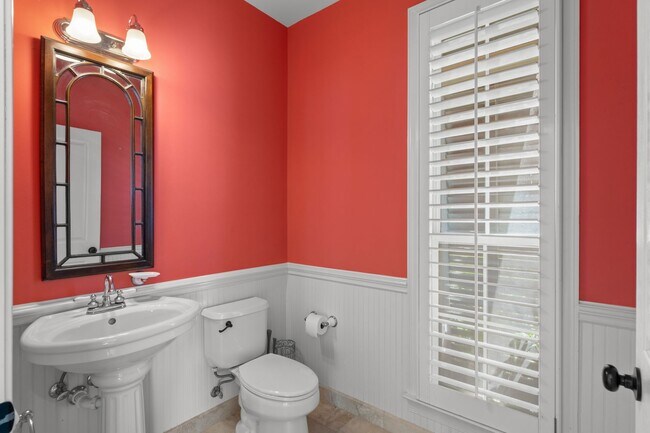 Building Photo - 3 bedroom/ 2.5 bathroom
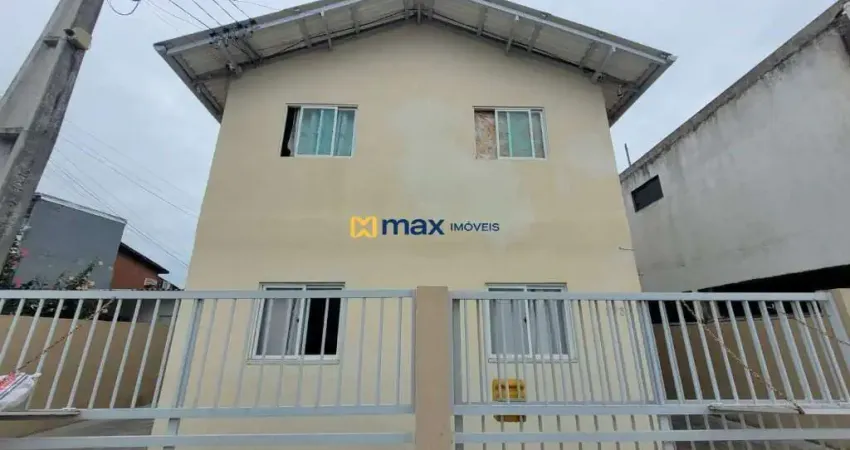 Venda: Terreno com 3 casas de 2 quartos e garagem no Bairro Jardim Iate Clube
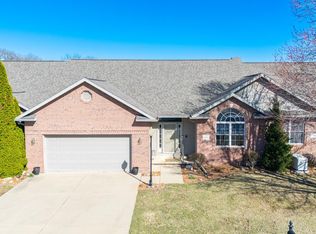 2810 Addison Ct, Pekin, IL 61554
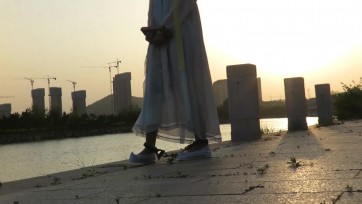 【魔法摄影工坊】小翼夕阳古装肉丝袜户外尝试古董镣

> **Activity**
Each line from the one that holds "2810 Addison Ct, Pekin, IL 61554" through the end of the material should be repeated exactly, and nothing more. Leave out any picture.

> **Response to this exercise**
 2810 Addison Ct, Pekin, IL 61554
 【魔法摄影工坊】小翼夕阳古装肉丝袜户外尝试古董镣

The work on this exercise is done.